Vital facts about guardianships
There are fundamentals regarding guardianships. Guardians can be put in charge of the care of a child, an adult who has become incapacitated, or a person who is developmentally disabled. The guardian is a court-appointed individual who will make decisions in the person – the ward’s – stead. The age requirement to be a guardian is 18. It must also be a legal U.S. resident or a citizen. For those who have a criminal record, the determination as to whether that person can serve as a guardian is made on a case by case basis.
There are four areas in which a guardian can oversee a ward’s affairs. They are as guardian of the person; guardian of the property; guardian of both; and guardian ad litem. The guardian of the person makes the decisions on the basics like education and their health care. Property is their finances, if they own real estate, collectibles and more. It is important to note that annual reports are required for guardians of the property. The guardian ad litem will be named by the judge and stand in for the ward if they are unable to handle their own affairs.

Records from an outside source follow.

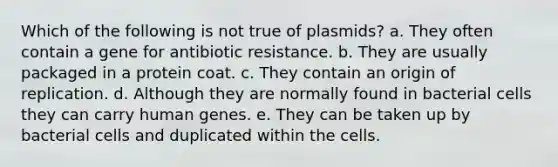 Which of the following is not true of plasmids? a. They often contain a gene for antibiotic resistance. b. They are usually packaged in a protein coat. c. They contain an origin of replication. d. Although they are normally found in bacterial cells they can carry human genes. e. They can be taken up by bacterial cells and duplicated within the cells.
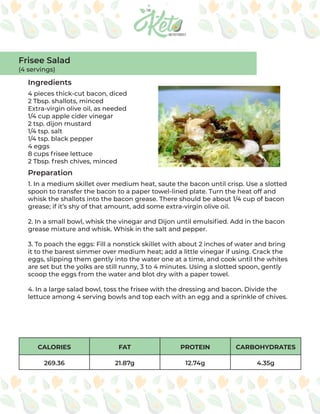 CALORIES FAT PROTEIN CARBOHYDRATES
269.36 21.87g 12.74g 4.35g
Ingredients
Preparation
4 pieces thick-cut bacon, diced
2 Tbsp. shallots, minced
Extra-virgin olive oil, as needed
1/4 cup apple cider vinegar
2 tsp. dijon mustard
1/4 tsp. salt
1/4 tsp. black pepper
4 eggs
8 cups frisee lettuce
2 Tbsp. fresh chives, minced
1. In a medium skillet over medium heat, saute the bacon until crisp. Use a slotted
spoon to transfer the bacon to a paper towel-lined plate. Turn the heat off and
whisk the shallots into the bacon grease. There should be about 1/4 cup of bacon
grease; if it’s shy of that amount, add some extra-virgin olive oil.
2. In a small bowl, whisk the vinegar and Dijon until emulsified. Add in the bacon
grease mixture and whisk. Whisk in the salt and pepper.
3. To poach the eggs: Fill a nonstick skillet with about 2 inches of water and bring
it to the barest simmer over medium heat; add a little vinegar if using. Crack the
eggs, slipping them gently into the water one at a time, and cook until the whites
are set but the yolks are still runny, 3 to 4 minutes. Using a slotted spoon, gently
scoop the eggs from the water and blot dry with a paper towel.
4. In a large salad bowl, toss the frisee with the dressing and bacon. Divide the
lettuce among 4 serving bowls and top each with an egg and a sprinkle of chives.
Frisee Salad
(4 servings)
 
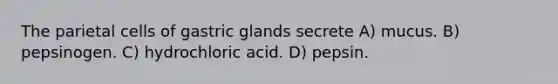 The parietal cells of gastric glands secrete A) mucus. B) pepsinogen. C) hydrochloric acid. D) pepsin.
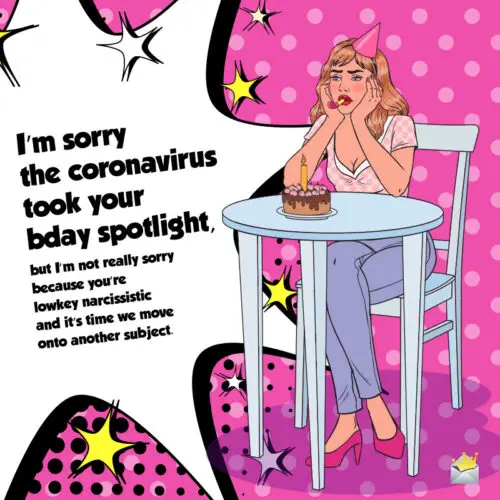 Birthday joke for friend during coronavirus pandemic.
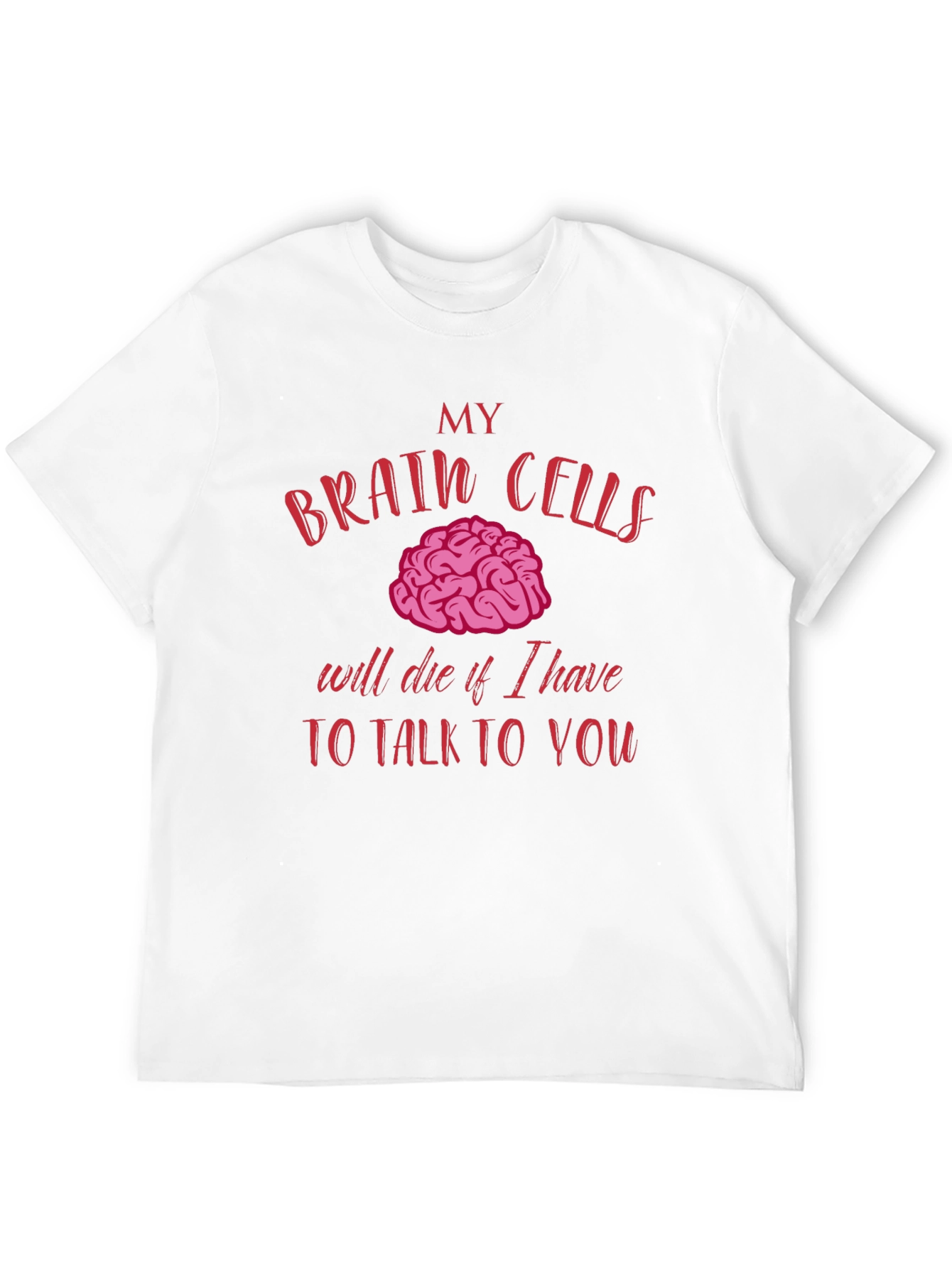 Brain Cells Humor T-Shirt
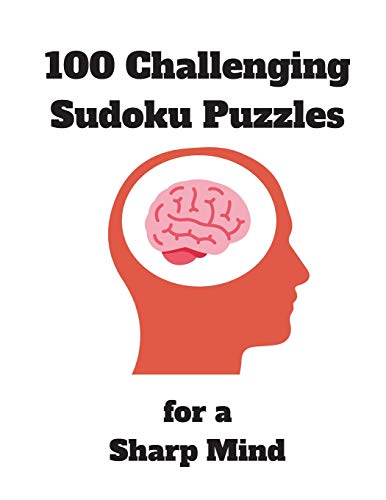 100 Challenging Sudoku Puzzles For A Sharp Mind: 125 Pages Jam-Packed With Puzzles | Includes Solutions | Perfect Puzzle Book For Seniors, Adults, Early Dementia Patients, Prison Inmates And More...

Being aware of the responsibilities of a guardianship
Whether it is an infirm elderly person, a child, a person with development disabilities or an adult who has severe injuries, the guardianship is a significant responsibility that some might have neither the desire nor the ability to fulfill. When considering a guardianship, it is wise to be cognizant of all it entails and to be legally and personally prepared to take on that vast responsibility. With guardianships, experienced legal advice can be helpful from the beginning and throughout the process.